Sempre più piccoli e basso consumo: sono i transistor del futuro, ma non è detto che siano in silicio. Una classe di materiali bidimensionali si unisce infatti al grafene nella sfida per dominare l’elettronica del domani. Lo studio, recentemente pubblicato sulla rivista «Nature Nanotechnology», è frutto del lavoro dei ricercatori dell’Università di Pisa che hanno collaborato con i colleghi dell’Istituto italiano di Tecnologia, del Massachusetts Institute of Technology, dell’Università di Notre Dame, dell’Università di Dallas, della società di ricerca Amo e di Texas Instruments.
«Negli ultimi anni la comunità scientifica ha mostrato un forte interesse per i materiali bidimensionali come sostituti del silicio in elettronica – spiega Gianluca Fiori del dipartimento di Ingegneria dell’Informazione dell’Ateneo pisano – materiali dello spessore di un solo atomo come i calcogenuri dei metalli di transizione (TMD), il seleniuro di bismuto o il grafene, che per questo motivo sono promettenti per la realizzazione di transistor piccolissimi, fino a cinque nanometri, mentre quelli attuali sono circa 20 nanometri. Per rendersi conto delle dimensioni, un virus è circa 100 nanometri, un batterio è circa mille nanometri, e lo spessore di un capello è circa centomila nanometri».
Il transistor, inventato nel 1948 presso i laboratori Bell, è il motore principale della rivoluzione tecnologica che ha portato formidabili capacità di calcolo e comunicazione, nei nostri Pc e nei nostri smart phone. La tecnologia attuale consente di mettere alcuni miliardi di transistor in un chip, un tassello di silicio di circa due centimetri quadrati.

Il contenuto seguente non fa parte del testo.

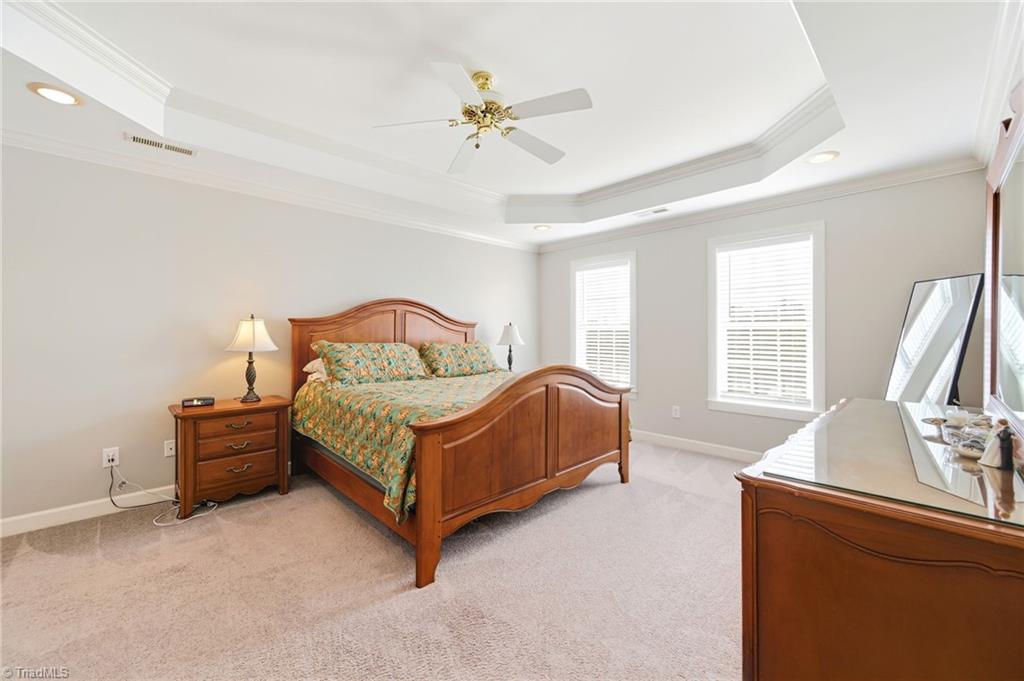 property viewer photo 7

«Questo studio è il risultato di una serie di progetti finanziati dalla commissione europea e del progetto di collaborazione fra l’Università di Pisa e il MIT Boston – ha sottolineato Giuseppe Iannaccone del dipartimento di Ingegneria dell’Informazione dell’Ateneo pisano – la tecnologia di produzione e di lavorazione di questi materiali è ancora allo stato embrionale, per cui si tratta di ricerche di frontiera fortemente interdisciplinari, con un orizzonte temporale a medio e lungo termine. Ad oggi, oltre ai transistor, questi materiali sembrano particolarmente promettenti per la realizzazione di sistemi elettronici flessibili per sistemi indossabili o applicati su superfici curve».